I am attempting to Tika parse dozens of millions of office documents. Pdfs, docs, excels, xmls, etc. Wide assortment of types.
Throughput is very important. I need to be able parse these files in a reasonable amount of time, but at the same time, accuracy is also pretty important. I hope to have less than 10% of the documents parsed fail. (And by fail I mean fail due to tika stability, like a timeout while parsing. I do not mean fail due to the document itself).
My question - how to configure Tika Server in a containerized environment to maximize throughput?
My environment:
- I am using Openshift.
- Each tika parsing pod has CPU: 2 cores to 2 cores, and Memory: 8 GiB to 10 GiB.
- I have 10 tika parsing pod replicas.
On each pod, I run a java program where I have 8 parse threads.
Each thread:
- Starts a single tika server process (in spawn child mode)
- Tika server arguments:
-s -spawnChild -maxChildStartupMillis 120000 -pingPulseMillis 500 -pingTimeoutMillis 30000 -taskPulseMillis 500 -taskTimeoutMillis 120000 -JXmx512m -enableUnsecureFeatures -enableFileUrl
- Tika server arguments:
- The thread will now continuously grab a file from the files-to-fetch queue and will send it to the tika server, stopping when there are no more files to parse.
Each of these files are stored locally on the pod in a buffer, so the local file optimization is used:
The Tika web service it is using is:
Endpoint: `/rmeta/text`
Method: `PUT`
Headers:
- writeLimit = 32000000
- maxEmbeddedResources = 0
- fileUrl = file:///path/to/file
Files are no greater than 100Mb, the maximum number of bytes tika text will be (writeLimit) 32Mb.
Each pod is parsing about 370,000 documents per day.
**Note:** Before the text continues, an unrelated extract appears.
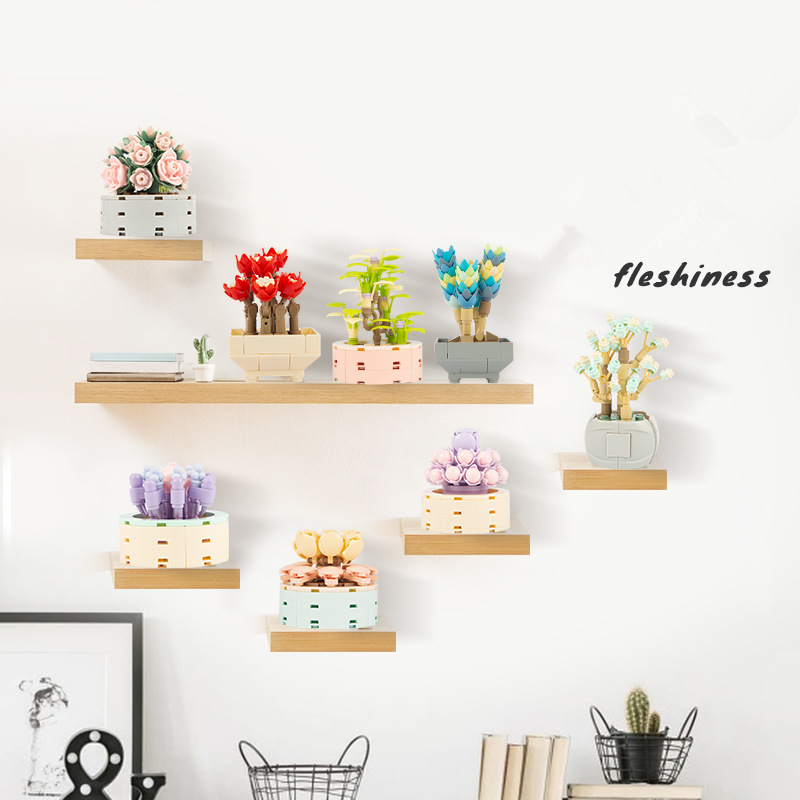 Diy moc vasos de plantas sucul - Bonsai Garden Experts avaliação e preço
I've been messing with a ton of different attempts at settings.
I previously tried to use the actual Tika "ForkParser" but the performance was far worse than spawning tika servers. So that is why I am using Tika Server.
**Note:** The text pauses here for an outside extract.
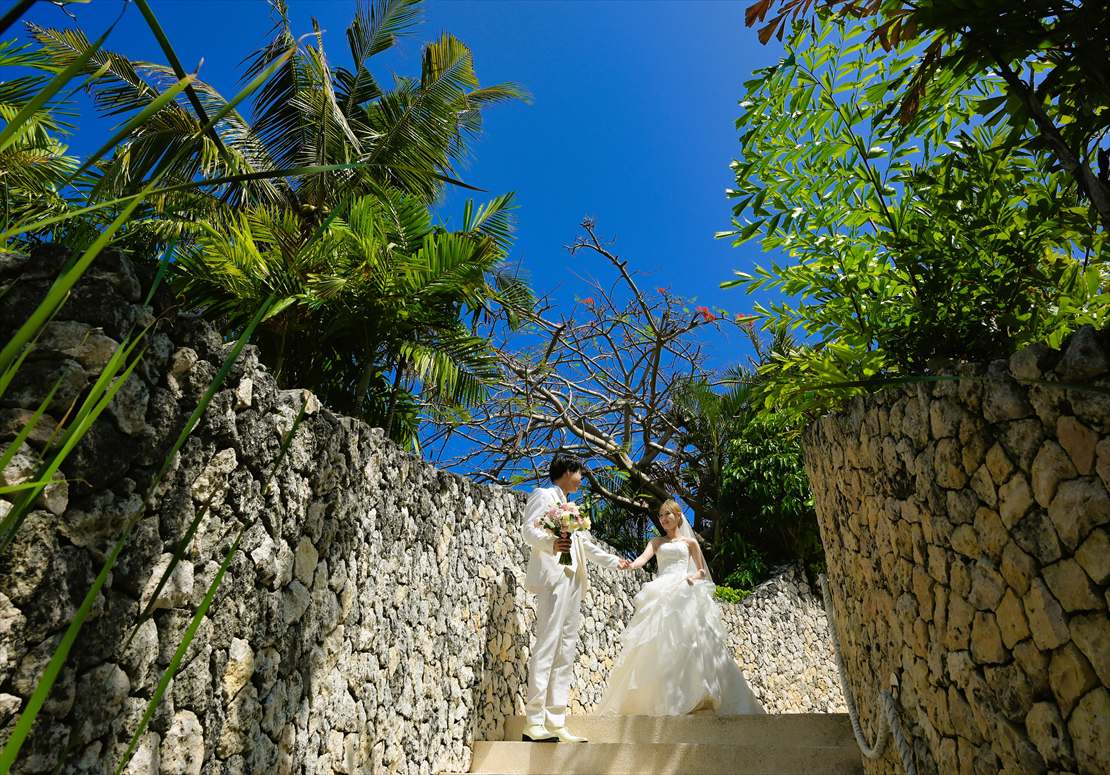 ジャングルと白亜の壁に囲まれたリゾート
I don't hate the performance results of this.... but I feel like I'd better reach out and make sure there isn't someone out there who sanity checks my numbers and is like "woah that's awful performance, you should be getting xyz like me!"
Anyone have any similar things you are doing? If so, what settings did you end up settling on?
Also, I'm wondering if Apache Http Client would be causing any overhead here when I am calling to my Tika Server /rmeta/text
endpoint. I am using a shared connection pool. Would there be any benefit in say using a unique HttpClients.createDefault() for each thread instead of sharing a connection pool between the threads?